Substitution of Coxsackievirus A16 VP1 BC and EF Loop Altered the Protective Immune Responses in Chimera Enterovirus A71

Vaccines 2023, 11(8), 1363; https://doi.org/10.3390/vaccines11081363
by Xiu Hui Tan 1, Wei Lim Chong 2, Vannajan Sanghiran Lee 2, Syahril Abdullah 3,4, Kartini Jasni 4, Saiful Qushairi Suarni 4, David Perera 5, I-Ching Sam 1 and Yoke Fun Chan 1,*
Reviewer 1:
Dusan Dimic
Reviewer 2:
Nan Zheng
Reviewer 3:
Owais A. Khan
Vaccines 2023, 11(8), 1363; https://doi.org/10.3390/vaccines11081363
Submission received: 11 July 2023 / Revised: 9 August 2023 / Accepted: 11 August 2023 / Published: 14 August 2023

Round 1

Reviewer 1 Report

The review article under title “Substitution of coxsackievirus A16 VP1 BC and EF loop altered 2 the protective immune responses in chimera enterovirus A71” by Tan and coworkers presents results on the substitution of coxsackieviruses in the active immune response in chimera enterovierus. The article could be of potential interest to the readers of the Vaccines My recommendation is MAJOR REVISION as there are several points that should be addressed by the authors, as shown below.

 

The authors should answer the following:

1.     The Authors should check the length of the Abstract as there is a limitation to 200 words

2.     What could be the reason for the loop conservation and how is this affected by the structure in section 3.1?

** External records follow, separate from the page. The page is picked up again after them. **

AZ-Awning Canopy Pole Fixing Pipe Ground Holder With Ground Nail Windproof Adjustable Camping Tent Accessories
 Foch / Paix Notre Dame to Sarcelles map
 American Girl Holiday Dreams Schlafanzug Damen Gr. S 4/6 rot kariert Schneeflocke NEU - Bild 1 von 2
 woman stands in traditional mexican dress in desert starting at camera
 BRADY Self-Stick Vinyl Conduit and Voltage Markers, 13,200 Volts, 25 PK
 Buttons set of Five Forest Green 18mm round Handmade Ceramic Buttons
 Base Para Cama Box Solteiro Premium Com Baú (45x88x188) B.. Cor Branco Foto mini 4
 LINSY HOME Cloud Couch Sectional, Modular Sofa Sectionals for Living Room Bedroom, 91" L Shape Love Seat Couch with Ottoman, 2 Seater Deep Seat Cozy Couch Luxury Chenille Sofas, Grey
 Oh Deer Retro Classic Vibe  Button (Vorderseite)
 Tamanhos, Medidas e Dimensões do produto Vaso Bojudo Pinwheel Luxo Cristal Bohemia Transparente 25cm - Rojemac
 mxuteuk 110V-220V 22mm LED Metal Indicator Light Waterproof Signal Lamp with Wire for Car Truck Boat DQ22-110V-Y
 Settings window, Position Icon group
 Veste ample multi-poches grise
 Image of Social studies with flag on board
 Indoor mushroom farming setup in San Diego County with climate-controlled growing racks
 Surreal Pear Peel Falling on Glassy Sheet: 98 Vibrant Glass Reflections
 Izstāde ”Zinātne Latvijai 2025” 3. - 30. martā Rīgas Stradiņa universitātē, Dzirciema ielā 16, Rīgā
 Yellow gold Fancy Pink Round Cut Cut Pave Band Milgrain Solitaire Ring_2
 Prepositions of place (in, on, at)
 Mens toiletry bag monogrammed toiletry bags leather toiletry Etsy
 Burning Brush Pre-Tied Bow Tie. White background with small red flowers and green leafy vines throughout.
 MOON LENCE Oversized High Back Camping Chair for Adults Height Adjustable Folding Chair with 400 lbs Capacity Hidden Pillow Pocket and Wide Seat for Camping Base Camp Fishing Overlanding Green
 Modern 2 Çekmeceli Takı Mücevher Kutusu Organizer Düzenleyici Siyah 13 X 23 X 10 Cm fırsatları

3.     What type of interactions were present between antibodies and protein structure in section 3.4?

4.     How these interactions depend on structure of antibodies?

5.     What induced the difference in Tm values for the studied compounds?

6.     The authors should compare the survival rates to other available methods.

Author Response

1. The Authors should check the length of the Abstract as there is a limitation to 200 words

We have cut down to 212 words. We hope this is acceptable now.

 

 2. What could be the reason for the loop conservation and how is this affected by the structure in section 3.1?

The conservation of the loops is influenced by receptor binding, immune evasion, host range and structure stability. VP1 surface loops are receptor binding sites for most picornaviruses. The capsid loops surrounding the canyon (binding pockets) include VP1 BC, EF, DE, GH and HI loops. Capsid loops also contribute to conformational epitopes and antibody neutralization.

Pararagraph 2-4 in introduction have addressed this.

Capsid loops have high fluctuation dynamics (high RMSF). Lower binding energy and lower flexibility will favour stronger interactions between the virus and antibody complex. We have shown the RMSF in Supplementary Figure S3.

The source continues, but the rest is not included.